Tusculum receives award as a winner in 2018 Tennessee College Voter Registration Competition

The Tennessee Secretary of State’s Office honored Tusculum University Thursday, Jan. 24. The university was a winner of the 2018 Tennessee College Voter Registration Competition. Pictured left to right are Secretary of State Tre Hargett, Tusculum sophomores Carmyn Tassone and Hanna Johnson, state Sen. Steve Southerland and state Rep. David Hawk.
The photo is courtesy of the Tennessee Secretary of State’s Office.

Facing a lecture hall full of Tusculum University students, Tre Hargett, Tennessee’s secretary of state, told them that someday one of them might be governor, a U.S. senator or the nation’s president.

If that is going to happen, he said, it is important they prepare themselves for this opportunity and participate in the electoral process. He encouraged students to not only register to vote but then to go to the polls and cast votes that reflect their views.

“Don’t vote my values and don’t vote the way you believe that I think you should vote,” Hargett said. “Vote the way that you believe you should vote based on your values and your principles. And don’t just accept what you see in 280 characters on Twitter or what’s a liked post on Instagram. Do your own research and vote the way you believe you should.”

Hargett was at Tusculum’s Meen Center Thursday, Jan. 24, to recognize the university as one of three winners in the 2018 Tennessee College Voter Registration Competition. He presented an award to Hanna Johnson and Carmyn Tassone, two sophomores who led a voter registration drive in the fall. Joining them for the presentation were state Sen. Steve Southerland, R-Morristown, and state Rep.
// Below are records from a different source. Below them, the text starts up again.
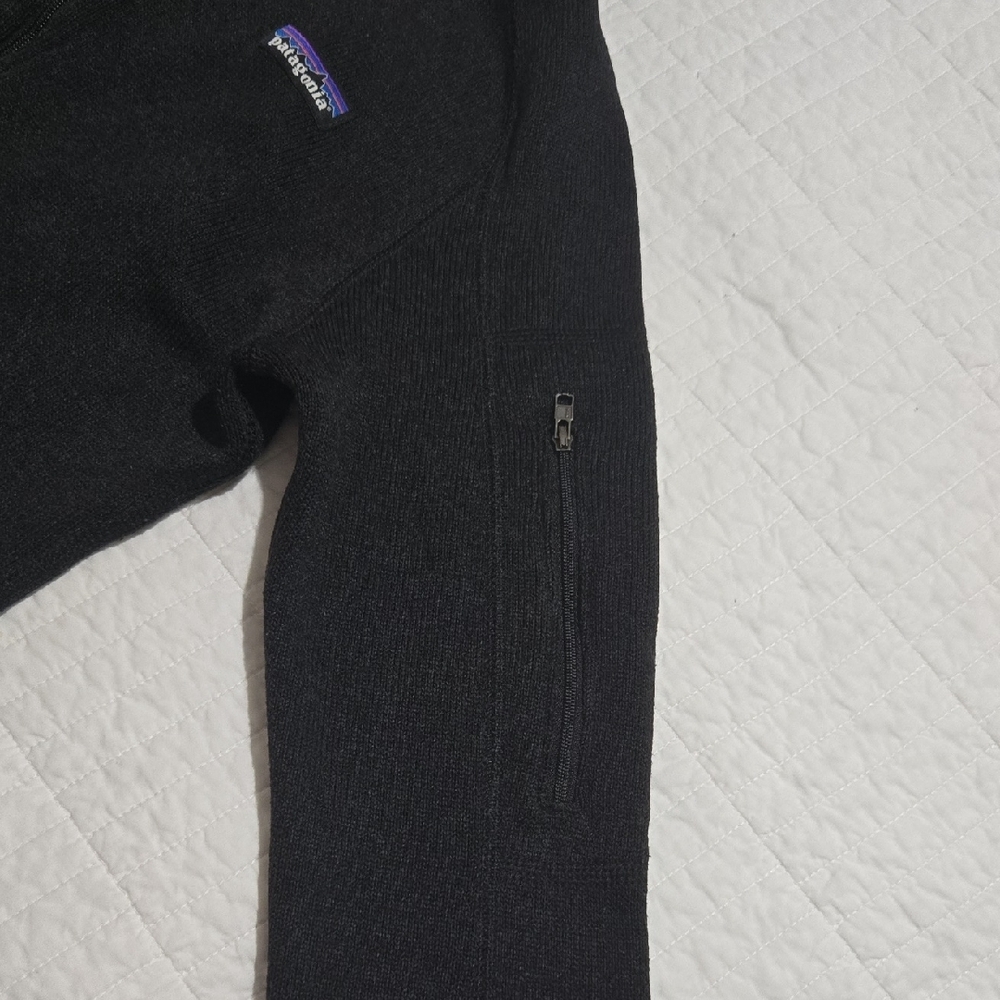 Patagonia Women's Black Full-Zip Fleece Jacket - Picture 9 of 9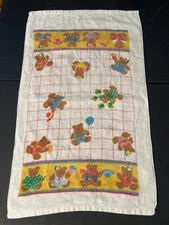 Vintage 1986 Fieldcrest Hand Towel Mrs. Grossman Stickers Bears USA Estate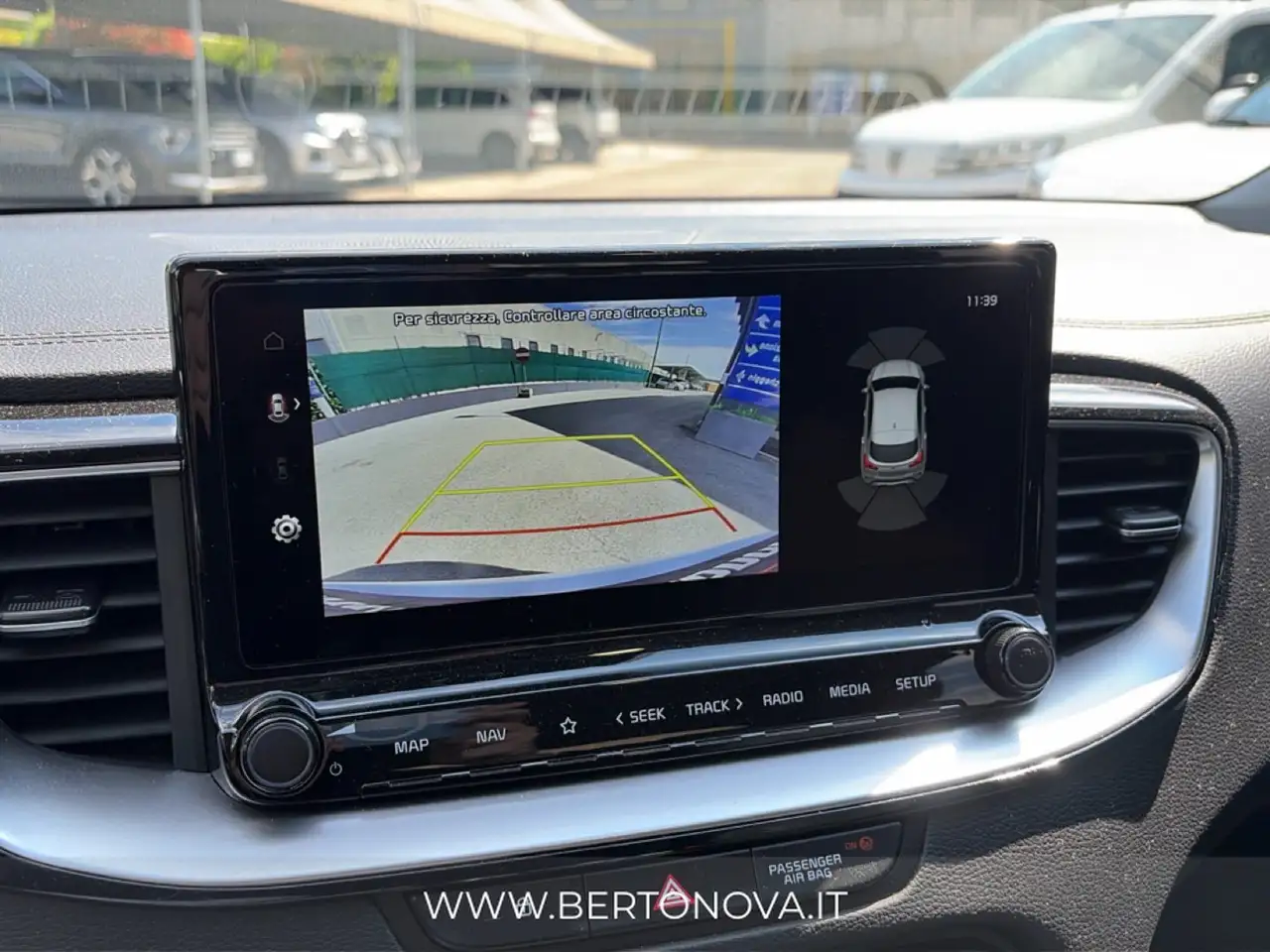 Kia XCeed 1.6 CRDi 136 CV MHEV DCT Business 12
David Hawk, R-Greeneville, who represent Tusculum in the state Legislature.

Hargett said he was not surprised Tusculum won in the private school category because of its previous involvement in registration drives.

This year, Johnson and Tassone set up tables for two days in the Scott M. Niswonger Commons to help students register to vote. They also conducted a voting activity where they asked students what foreign language class they would like to see on campus. Helping the students with their activities was Dr. Mary Cooper, an assistant professor of political science and director of the honors program at Tusculum.

“It’s important to vote, and it’s vital that our generation knows that it’s important,” Johnson said. “This is really our voice in society. If we don’t act on it, then nothing will ever change and we won’t have our voices heard. I feel like it’s a duty as a citizen, but it’s also a right that we have and we’re very privileged to be able to have that right.”

Tassone and Johnson put special emphasis on recruiting freshmen to register because these students did not have an opportunity to participate in the previous year’s drive, but they also sought students in more advanced years at Tusculum. In addition, they visited a few first-year experience classes.

“It’s very important to have every single voice heard,” Tassone said. “That one vote can be a change in anybody’s life, so I feel that it’s very important for everybody to have their own voice because it really can make a change – maybe not in your life but in others’ lives. And that’s why I find it’s so important.”

Hargett had similar thoughts.

“When you don’t vote, all you do is hand the power in your community, your state and your nation to those people that do,” he said. “I just happen to believe that you are better off participating in the process and helping be a part of making those decisions. It’s important who you send to Nashville, it’s important who you send to city hall and it’s important who you send to Washington because they are making the decisions that don’t just affect your present but they affect your future for many generations to come.”